SOURCE DATA START
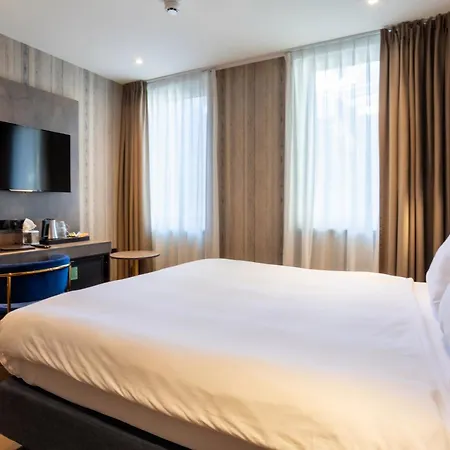 Dream Hotel Amsterdam-3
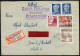 DDR, 1953, 219, 251(2), 352, 357, Brief - Other & Unclassified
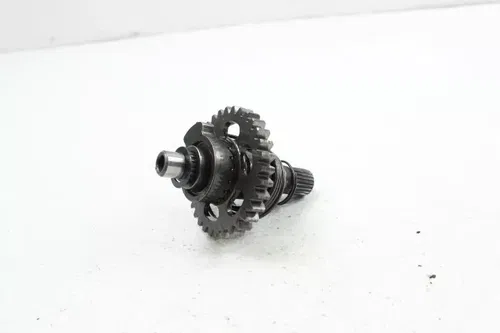 04 Honda Crf250x Kickstart Kick Start Shaft W Idler Gear B4261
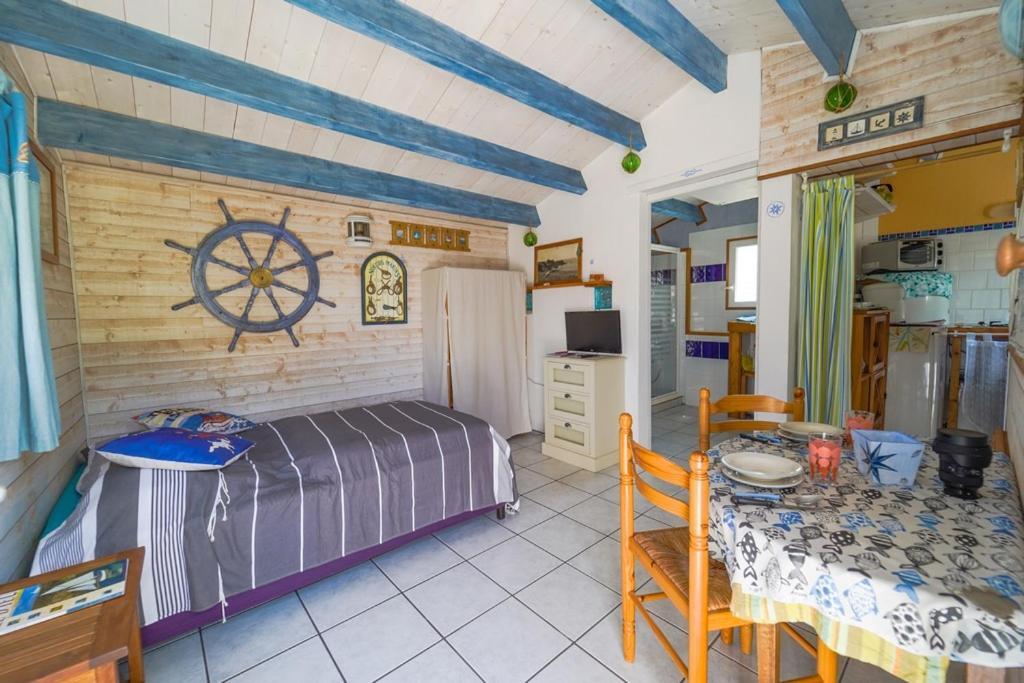 L'Ile D'Yeu, Vos Prochaines Vacances - Velos Inclus Port-Joinville Exteriör bild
SOURCE DATA END
» **EXERCISE**:
Without the pictures, reproduce each line from the one containing "DDR, 1953, 219, 251(2), 352, 357, Brief" through the last line of the material above, both of those lines included.

» **RESPONSE**:
 DDR, 1953, 219, 251(2), 352, 357, Brief - Other & Unclassified
 04 Honda Crf250x Kickstart Kick Start Shaft W Idler Gear B4261
 L'Ile D'Yeu, Vos Prochaines Vacances - Velos Inclus Port-Joinville Exteriör bild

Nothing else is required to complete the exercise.